I thought I saw a site once that you could cross reference colors between mfrs, say I had a Martha Stewart Claret MSL027 and wanted to know what the Sherwin Williams equivalent was?


----------



## Workaholic (Apr 17, 2007)

Didn't know anything about it but I would like to know more.


----------



## Bender (Aug 10, 2008)

I doubt it, but a handful of them used the same (808?) colorants so maybe the colors would cross reference.
I know Columbia, KWAL, and Kelly Moore shared the same colorants. But SW and behr use their own.
That was just before the low VOC craze. Not sure now.


----------



## RCP (Apr 18, 2007)

I found this site, but all the links are dead!


----------



## aaron61 (Apr 29, 2007)

My SW usually allready has most in their system


----------



## BrushJockey (Mar 15, 2009)

I was talking to one of my store guys who is in the major (15 store) chain here, and asked them if when they make a cross match, do they enter the formula into the computer system so others could use it. They don't! I was amazed at the inefficiency- having to reinvent every time.


----------



## DeanV (Apr 18, 2007)

I remember a site posted here that was just a collection of all the colors, but I do not recall it giving the closest of another brand.

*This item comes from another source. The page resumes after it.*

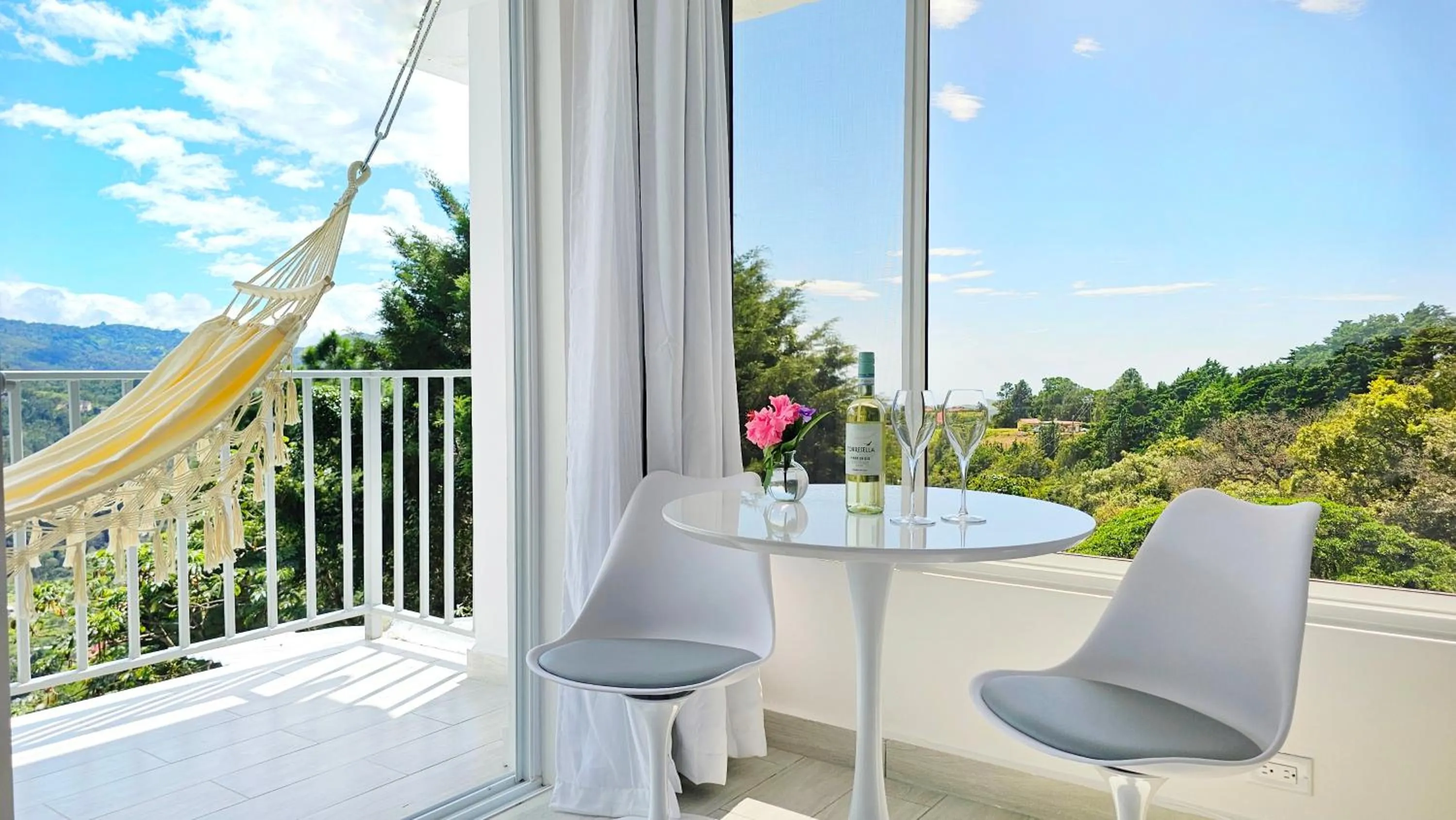 Natural landscape in Casa Reina by Villa Alejandro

A lot of manufacturers have a book that will give formulas for other company's colors, but they are often not right on. An actual match at the store is better than a list a company provides.


----------



## NCPaint1 (Aug 6, 2009)

aaron61 said:


> My SW usually allready has most in their system


Same here with BM. We can cross reference just about every manufacturers colors, and either get a formula to make THAT color, or it gives us some colors from BM that are similar.


----------



## RCP (Apr 18, 2007)

Thanks, the guys at my SW are excellent at matching, but I have a customer that has a lot of color samples from various places, and I am using the SW Visualizer. So I end up finding the "other" color online then just trying to match by eye in the Visualizer.


----------



## NCPaint1 (Aug 6, 2009)

RCP said:


> Thanks, the guys at my SW are excellent at matching, but I have a customer that has a lot of color samples from various places, and I am using the SW Visualizer. So I end up finding the "other" color online then just trying to match by eye in the Visualizer.


Im not familiar with SW software, but if you call the store, give them the names/numbers of the colors you are trying to match, they _should_ be able to give you some of their colors that are similar.


----------